For obvious reasons I have placed this story about the perils of not telling the stories you know at the beginning of the book. This story is a story about why stories should be told. They are told because they cry out to be told. If they are not, they rankle and take revenge. Here the story and the song transform themselves into material objects. For futher comments on this genre, see Ramanujan 1989.
In this worldview nothing is ever lost, only transformed. Untold stories and unsung songs become shoes and coats, and take revenge against the niggardly nontellers. Material and nonmaterial things are all made of one substance, according to a familiar Hindu point of view; some are sthula, “gross,” others are suksma, “subtle.” Nothing is truly destroyed—things are displaced, converted, transformed, according to a belief in the “conservation of matter.”

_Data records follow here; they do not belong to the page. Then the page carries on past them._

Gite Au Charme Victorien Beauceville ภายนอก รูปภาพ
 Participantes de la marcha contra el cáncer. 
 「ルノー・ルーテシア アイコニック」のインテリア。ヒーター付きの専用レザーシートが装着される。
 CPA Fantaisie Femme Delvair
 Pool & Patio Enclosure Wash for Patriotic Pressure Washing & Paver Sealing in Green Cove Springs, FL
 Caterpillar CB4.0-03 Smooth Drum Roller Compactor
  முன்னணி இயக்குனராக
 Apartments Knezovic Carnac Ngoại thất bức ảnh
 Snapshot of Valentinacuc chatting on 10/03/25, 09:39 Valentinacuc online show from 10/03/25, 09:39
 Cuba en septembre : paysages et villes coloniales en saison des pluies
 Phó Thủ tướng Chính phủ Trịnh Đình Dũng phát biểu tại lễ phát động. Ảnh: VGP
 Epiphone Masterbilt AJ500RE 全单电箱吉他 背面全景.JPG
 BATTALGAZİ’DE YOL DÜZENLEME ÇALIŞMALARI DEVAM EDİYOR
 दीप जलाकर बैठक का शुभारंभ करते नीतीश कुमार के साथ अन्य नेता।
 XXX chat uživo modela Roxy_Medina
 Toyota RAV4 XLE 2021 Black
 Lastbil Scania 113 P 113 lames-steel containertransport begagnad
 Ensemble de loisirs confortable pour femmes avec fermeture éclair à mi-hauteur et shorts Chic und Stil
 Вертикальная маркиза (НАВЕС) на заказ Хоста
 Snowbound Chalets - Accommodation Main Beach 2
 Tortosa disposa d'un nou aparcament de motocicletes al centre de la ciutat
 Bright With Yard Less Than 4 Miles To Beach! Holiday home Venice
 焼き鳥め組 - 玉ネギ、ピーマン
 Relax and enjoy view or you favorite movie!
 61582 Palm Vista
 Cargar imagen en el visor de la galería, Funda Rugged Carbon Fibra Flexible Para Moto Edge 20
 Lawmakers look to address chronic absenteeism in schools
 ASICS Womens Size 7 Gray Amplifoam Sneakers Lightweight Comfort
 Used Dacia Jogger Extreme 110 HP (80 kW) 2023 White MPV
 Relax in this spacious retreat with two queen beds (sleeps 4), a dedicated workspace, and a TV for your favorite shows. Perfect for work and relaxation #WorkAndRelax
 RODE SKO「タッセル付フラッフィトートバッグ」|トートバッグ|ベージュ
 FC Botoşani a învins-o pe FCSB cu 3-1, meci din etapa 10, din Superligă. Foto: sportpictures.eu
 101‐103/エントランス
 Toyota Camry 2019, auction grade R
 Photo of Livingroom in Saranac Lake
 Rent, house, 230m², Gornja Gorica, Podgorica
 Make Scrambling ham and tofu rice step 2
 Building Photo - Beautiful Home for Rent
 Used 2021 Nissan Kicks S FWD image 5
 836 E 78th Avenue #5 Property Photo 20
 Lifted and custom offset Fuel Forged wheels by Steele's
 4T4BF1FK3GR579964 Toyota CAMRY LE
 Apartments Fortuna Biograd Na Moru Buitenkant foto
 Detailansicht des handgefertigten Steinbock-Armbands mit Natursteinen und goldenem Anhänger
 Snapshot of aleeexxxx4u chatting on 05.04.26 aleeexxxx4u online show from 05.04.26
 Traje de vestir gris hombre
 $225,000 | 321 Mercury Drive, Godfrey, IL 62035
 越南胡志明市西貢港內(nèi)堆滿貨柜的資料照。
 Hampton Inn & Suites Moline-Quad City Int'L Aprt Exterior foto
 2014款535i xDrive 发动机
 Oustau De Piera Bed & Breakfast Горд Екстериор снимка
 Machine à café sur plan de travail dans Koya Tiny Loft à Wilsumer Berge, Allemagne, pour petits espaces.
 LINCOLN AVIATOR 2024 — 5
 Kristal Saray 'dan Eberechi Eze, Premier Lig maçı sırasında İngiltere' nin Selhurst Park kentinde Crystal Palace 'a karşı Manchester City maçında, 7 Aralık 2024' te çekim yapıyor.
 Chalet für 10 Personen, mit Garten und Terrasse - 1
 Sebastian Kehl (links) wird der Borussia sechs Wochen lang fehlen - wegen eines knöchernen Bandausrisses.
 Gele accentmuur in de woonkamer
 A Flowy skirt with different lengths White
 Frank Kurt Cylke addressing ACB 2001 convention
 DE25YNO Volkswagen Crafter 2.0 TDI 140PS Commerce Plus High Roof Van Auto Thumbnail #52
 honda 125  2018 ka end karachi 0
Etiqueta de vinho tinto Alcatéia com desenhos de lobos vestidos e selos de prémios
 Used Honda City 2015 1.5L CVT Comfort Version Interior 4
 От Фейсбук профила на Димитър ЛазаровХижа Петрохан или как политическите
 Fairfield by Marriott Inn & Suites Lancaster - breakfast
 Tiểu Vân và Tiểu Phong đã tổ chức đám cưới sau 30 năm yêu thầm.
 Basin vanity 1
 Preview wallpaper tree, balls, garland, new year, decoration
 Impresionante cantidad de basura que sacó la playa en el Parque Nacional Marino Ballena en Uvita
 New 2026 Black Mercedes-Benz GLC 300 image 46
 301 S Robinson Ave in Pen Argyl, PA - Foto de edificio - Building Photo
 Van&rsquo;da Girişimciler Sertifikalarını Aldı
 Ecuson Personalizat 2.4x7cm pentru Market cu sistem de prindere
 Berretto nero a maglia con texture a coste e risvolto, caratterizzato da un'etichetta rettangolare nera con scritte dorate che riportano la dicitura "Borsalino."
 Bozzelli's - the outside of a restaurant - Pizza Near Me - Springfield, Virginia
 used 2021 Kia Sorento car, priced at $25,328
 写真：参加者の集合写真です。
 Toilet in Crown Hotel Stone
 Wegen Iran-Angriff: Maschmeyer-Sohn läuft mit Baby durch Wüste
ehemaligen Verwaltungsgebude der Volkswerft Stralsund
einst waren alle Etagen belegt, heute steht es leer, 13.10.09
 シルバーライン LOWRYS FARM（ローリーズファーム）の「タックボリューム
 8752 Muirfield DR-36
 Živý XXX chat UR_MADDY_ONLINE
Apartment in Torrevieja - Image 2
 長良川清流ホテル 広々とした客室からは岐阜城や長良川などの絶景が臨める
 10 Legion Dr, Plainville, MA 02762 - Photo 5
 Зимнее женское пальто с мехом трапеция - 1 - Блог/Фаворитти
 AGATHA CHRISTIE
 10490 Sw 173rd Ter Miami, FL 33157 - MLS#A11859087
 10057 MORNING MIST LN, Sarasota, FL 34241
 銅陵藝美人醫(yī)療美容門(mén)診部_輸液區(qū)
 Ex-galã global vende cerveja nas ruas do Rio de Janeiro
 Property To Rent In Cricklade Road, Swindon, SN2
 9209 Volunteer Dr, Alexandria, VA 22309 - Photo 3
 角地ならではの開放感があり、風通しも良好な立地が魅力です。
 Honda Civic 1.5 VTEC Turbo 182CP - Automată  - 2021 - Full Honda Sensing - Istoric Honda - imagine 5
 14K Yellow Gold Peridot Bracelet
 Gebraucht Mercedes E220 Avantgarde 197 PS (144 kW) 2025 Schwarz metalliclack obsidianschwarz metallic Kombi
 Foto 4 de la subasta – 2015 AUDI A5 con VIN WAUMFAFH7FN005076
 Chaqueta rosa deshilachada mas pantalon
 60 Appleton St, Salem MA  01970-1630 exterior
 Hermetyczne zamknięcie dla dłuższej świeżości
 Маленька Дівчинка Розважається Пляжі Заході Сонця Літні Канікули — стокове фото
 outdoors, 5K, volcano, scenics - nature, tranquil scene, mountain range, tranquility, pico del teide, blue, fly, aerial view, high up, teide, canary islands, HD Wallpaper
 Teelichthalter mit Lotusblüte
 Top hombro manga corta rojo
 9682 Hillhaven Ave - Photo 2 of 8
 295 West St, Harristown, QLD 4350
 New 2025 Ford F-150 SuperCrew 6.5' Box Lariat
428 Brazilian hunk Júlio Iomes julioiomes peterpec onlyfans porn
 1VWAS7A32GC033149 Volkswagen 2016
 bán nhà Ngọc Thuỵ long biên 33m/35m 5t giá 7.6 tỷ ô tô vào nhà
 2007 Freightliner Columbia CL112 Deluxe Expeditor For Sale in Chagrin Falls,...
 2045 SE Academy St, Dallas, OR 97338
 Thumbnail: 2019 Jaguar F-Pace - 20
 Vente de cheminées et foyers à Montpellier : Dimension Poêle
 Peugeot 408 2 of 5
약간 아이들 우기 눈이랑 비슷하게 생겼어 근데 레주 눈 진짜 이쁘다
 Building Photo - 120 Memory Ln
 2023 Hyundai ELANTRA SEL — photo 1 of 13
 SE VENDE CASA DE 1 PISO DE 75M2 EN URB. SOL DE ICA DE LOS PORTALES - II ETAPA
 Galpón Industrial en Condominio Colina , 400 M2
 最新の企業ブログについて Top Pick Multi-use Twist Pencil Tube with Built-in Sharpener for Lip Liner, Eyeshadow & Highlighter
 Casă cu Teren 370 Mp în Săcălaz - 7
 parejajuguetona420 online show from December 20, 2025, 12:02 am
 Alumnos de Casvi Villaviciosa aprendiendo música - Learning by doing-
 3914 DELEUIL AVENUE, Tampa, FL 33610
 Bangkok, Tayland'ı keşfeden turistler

The flames of lamps don't get extinguished at night: when they are put out, they simply move from home to temple, and return to the wicks when the lamps are lit again next evening. Such a belief is part of a more extensive folklore about lamps. The flame is personified as Jyotiyamma (Sanskrit jyoti, “flame, light” + Kannada amma, “mother, lady”), the lamp as mother and goddess. Today, some people worship even the electric light switches with turmeric and vermilion. In a family household, lamps must be lit at sunset and should not be extinguished by blowing on them (it's like spitting on them); one speaks euphemistically of “filling a lamp” (dīpa tumbu), not of “putting out a lamp.” One should remember and fold one's hands worshipfully to one's gods, especially to Lakshmi, the goddess of good fortune, as a lamp is lit—for she comes in at that auspicious hour by the front door and will leave by the back door if it is open. So every evening, at lamp-lighting time, the front door is kept open and the back door shut. Anytime one wishes fervently for something or when one hears good news, one lights a floor lamp for the family gods. Weddings, temple services, all kinds of auspicious rituals have lamps as part of them. Lamps are lit at inaugural ceremonies, dramatic or dance performances, arrayed in rows in the month of Kartika (corresponding to November/December) and Sravana (July/August). Divali or Dipavali is an annual festival of lamps. Great temples have special calendrical festivals in which hundreds are lit. In every temple, as well as in the gods' room in a house, shrine lamps must burn ceaselessly. If a lamp goes out suddenly, it's an ill omen. Thus lamps and flames are symbols of life, wealth, family happiness. The belief that they never truly go out, only move out temporarily, is part of a wishful need for their unremitting auspicious presence.
[No known tale type (henceforth abbreviated NKTT), but it appears to be Motif N 454.2, King overhears conversations of lamps (India only, henceforth abbreviated IO).]